Anastasio dio media vuelta y se dirigió al patio, adonde lo siguió Ramona que se persignó antes de retirarse. La chacha, que siempre había ocupado en la casa un lugar especial, quería preguntar al hijo de la difunta un par de cosas.

La primera de ellas si había comunicado el fallecimiento a Anita.

- Por favor. No tengo ningún contacto con ella.

- Pero.-replicó Ramona, que sabía del mutuo aprecio que se profesaban Rafaela y Anita, aunque desde la separación de ésta y Anastasio no se hubiesen vuelto a ver.

- Sin peros -la interrumpió Larrea-. No tiene sentido llamarla.

El hombre contempló la montera, cuyo toldo estaba descorrido. Flotaba en el ambiente un resto de luz diurna de un tono verde traslúcido. Esa atmósfera peculiar lo había subyugado siempre, aunque tuviese una explicación sencilla. Por un lado, dos hileras de cristales verdes recorrían el perímetro de la montera. Por otro, en el patio había aspidistras y cintas alrededor de la fuente de mármol, un ficus junto a una columna, adelfas, aza­leas.

Se quedó mirando la palmera de hojas que se abrían como un abanico. Estaba sembrada en un macetón de cerámica azul y amarilla, situado en el intercolumnio de la derecha.
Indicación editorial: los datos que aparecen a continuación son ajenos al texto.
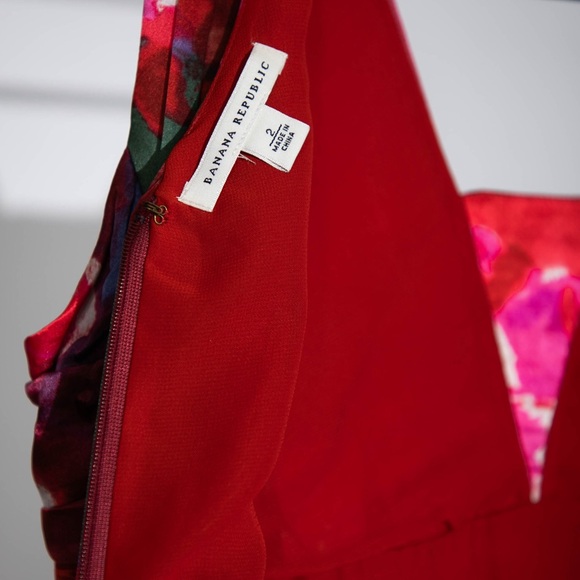 Banana Republic 100% Silk Red Abstract Watercolor Print Sleeveless Dress, Size 2 - Picture 12 of 13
Esperaba la segunda pregunta de Ramona, para lo que no tenía una respuesta tan terminante como para la primera. Una pregunta que, de antemano, le producía irritación, aunque disi­mulase ese sentimiento. Lo cual constituía un esfuerzo vano por­que Ramona, que había sido su niñera, aparte de ama de llaves, supervisora e intendente, entre otras funciones, lo conocía de­masiado bien para dejarse engañar por su forzada inexpresividad.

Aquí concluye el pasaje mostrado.